Output exactly the lines below from the one containing "56 Hill Top" to the last line, both included. Omit pictures.

Image-text web data:
──────────────────────────────
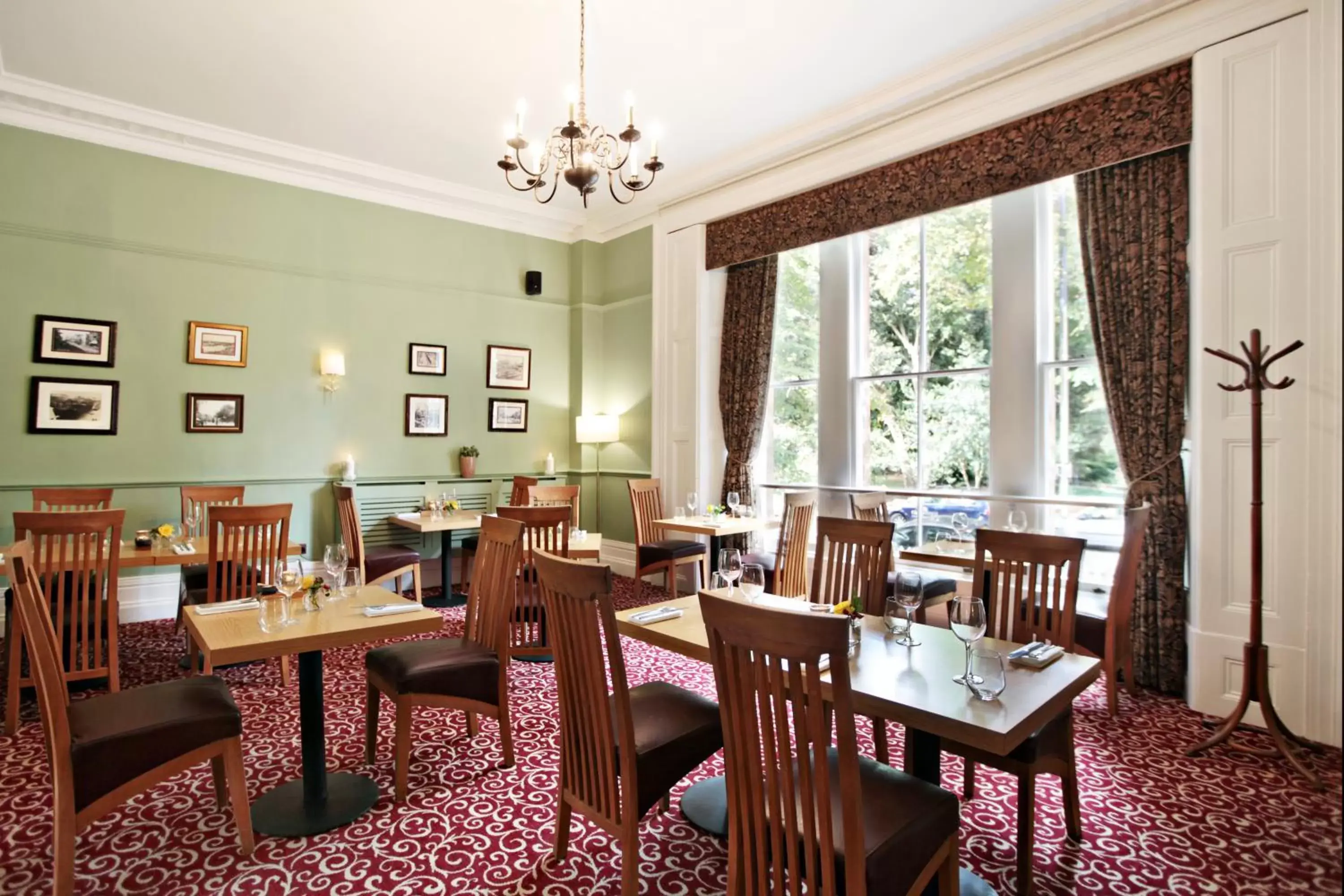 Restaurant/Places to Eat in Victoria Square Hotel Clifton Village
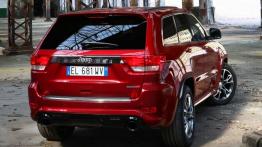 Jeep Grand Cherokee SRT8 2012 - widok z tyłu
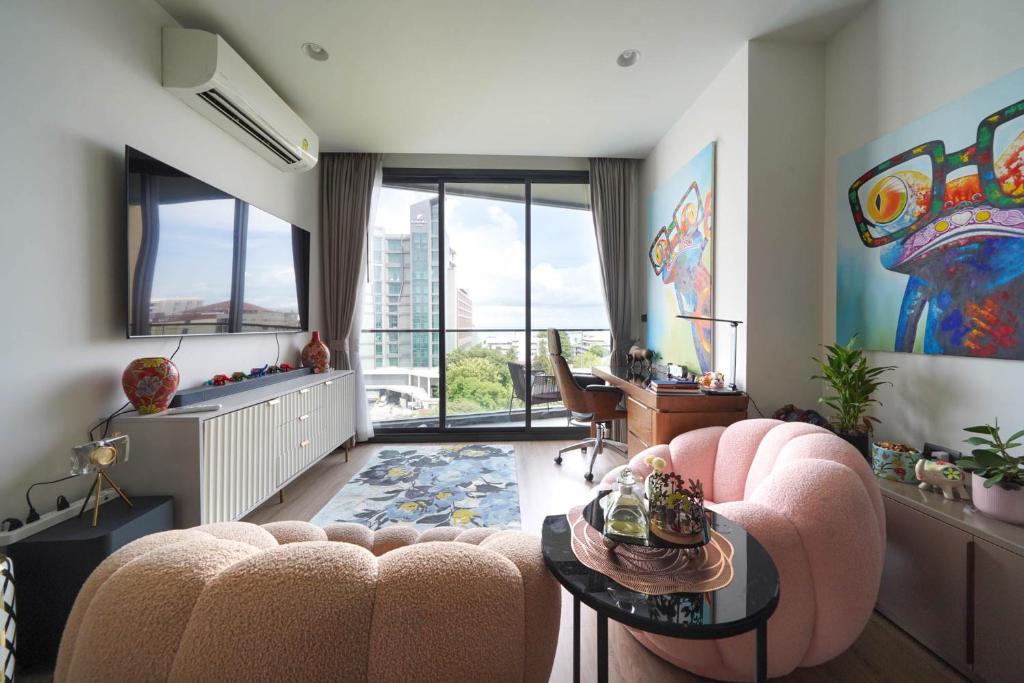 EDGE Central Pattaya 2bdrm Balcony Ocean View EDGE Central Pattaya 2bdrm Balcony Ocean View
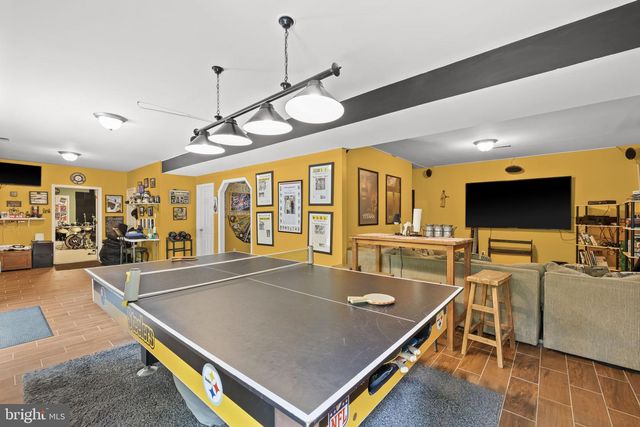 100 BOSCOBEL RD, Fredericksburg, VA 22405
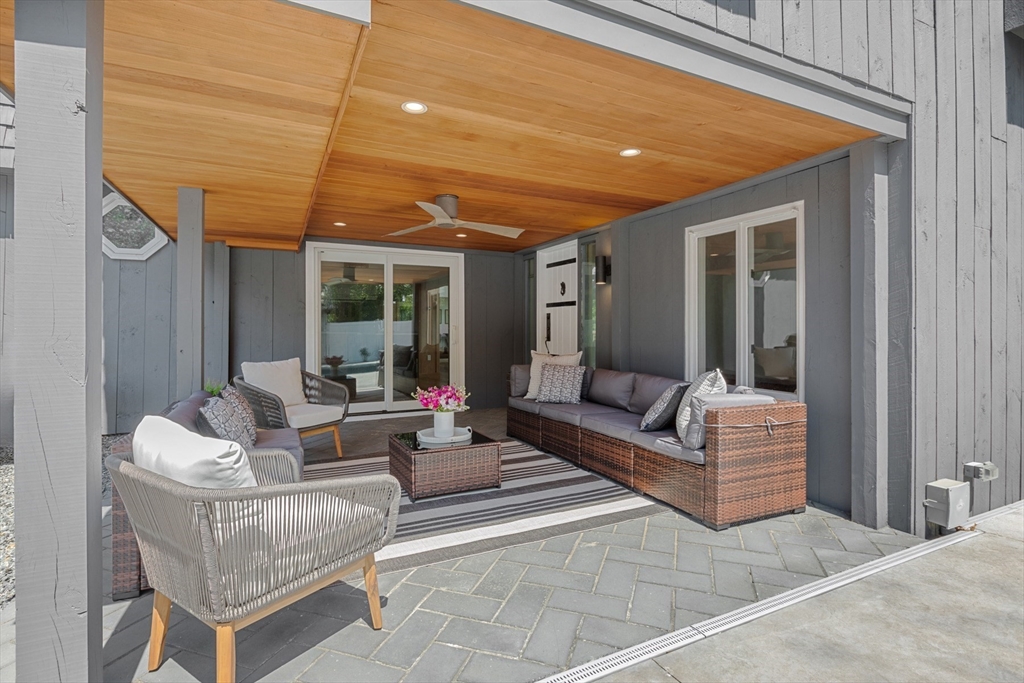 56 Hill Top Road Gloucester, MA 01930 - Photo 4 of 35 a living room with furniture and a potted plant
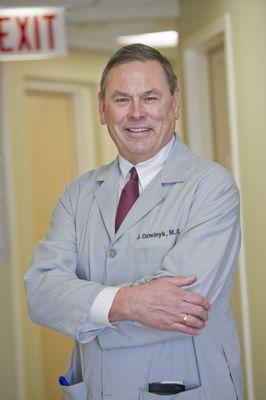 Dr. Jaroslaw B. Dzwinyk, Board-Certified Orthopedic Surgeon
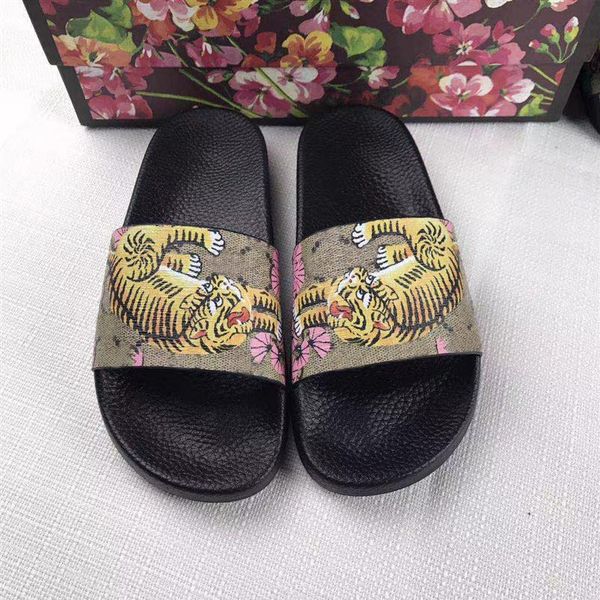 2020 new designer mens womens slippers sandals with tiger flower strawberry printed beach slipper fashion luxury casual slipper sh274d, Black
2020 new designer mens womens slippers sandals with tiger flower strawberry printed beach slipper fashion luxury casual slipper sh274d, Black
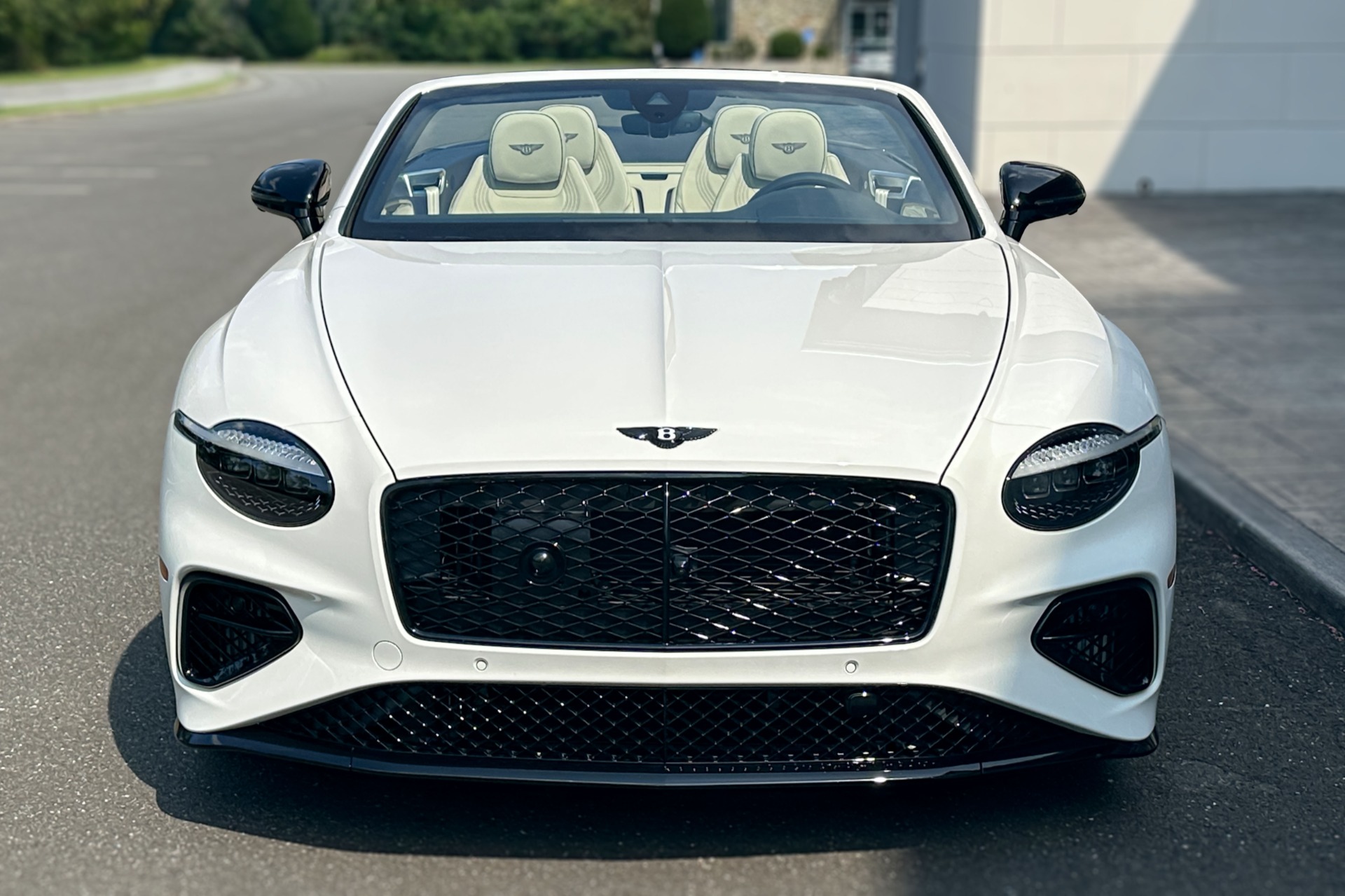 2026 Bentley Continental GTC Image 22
──────────────────────────────
#### [Response box]
 56 Hill Top Road Gloucester, MA 01930 - Photo 4 of 35 a living room with furniture and a potted plant
 Dr. Jaroslaw B. Dzwinyk, Board-Certified Orthopedic Surgeon
 2020 new designer mens womens slippers sandals with tiger flower strawberry printed beach slipper fashion luxury casual slipper sh274d, Black
2020 new designer mens womens slippers sandals with tiger flower strawberry printed beach slipper fashion luxury casual slipper sh274d, Black
 2026 Bentley Continental GTC Image 22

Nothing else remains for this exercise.